The method of extraction, known as "fracking", could have serious safety implications. Shale gas is extracted by drilling down into the ground and then hydraulically fracturing the shale using high-pressure liquid to release the gas.
The process has proved controversial in the US because the drilling process involves chemicals, including carcinogenic compounds, which can pollute water supplies. Drilling companies claim that chemical additives make up less than one per cent of the liquid poured into the gas field. However, the quantities involved are so large that a typical well is likely to pump about 34,000 gallons of chemicals into the ground. One of the chemicals used is diesel, which contains toxic substances. Other chemicals used can include hydrochloric acid, formaldehyde and arsenic.
There have been further claims that the gas itself can pollute drinking water, with footage of people able to set fire to the water coming out of their taps posted on YouTube.

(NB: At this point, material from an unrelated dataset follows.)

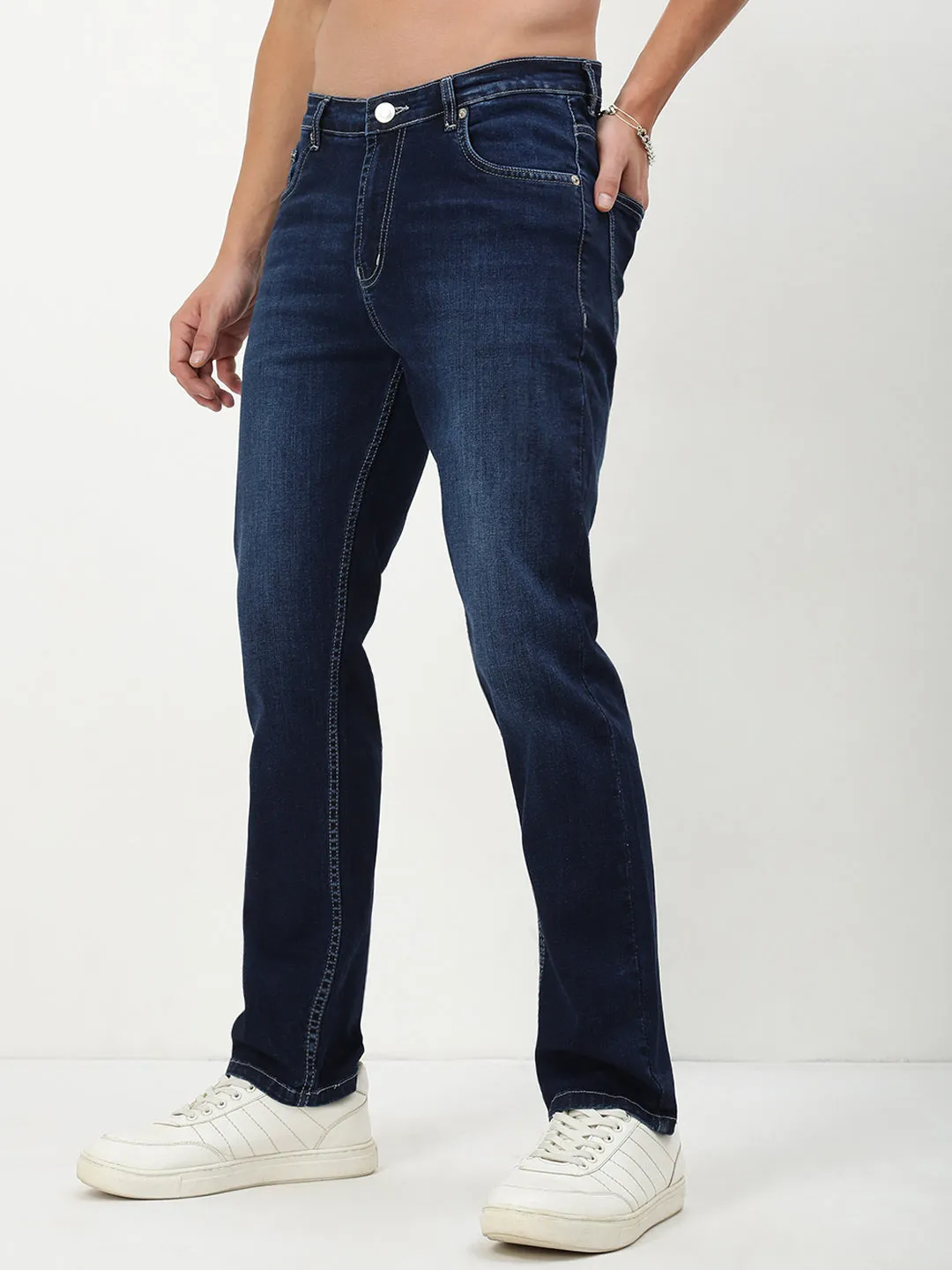 Men's Navy Blue Solid Straight Fit Jeans Fashionable Touch Button Fly Option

The problems have prompted campaigners and independent political figures (including Nick Griffin MEP and Green MP Caroline Lucas) to call for a Britain-wide ban on shale gas extraction.
However, calls for a moratorium on fracking were ruled out earlier this year by a committee of MPs who claimed they had found no evidence it would pose a risk to water supplies from underground aquifers.
Nick Griffin MEP reiterated the call for a moratorium on any further exploitation of shale gas until the wider environmental concerns have been addressed. Fracking has already been banned in France, New York and New Jersey, as well as in Quebec and the Swiss canton of Fribourg. And in July, the government of New South Wales extended its moratorium on the use of fracking for extracting coal seam gas.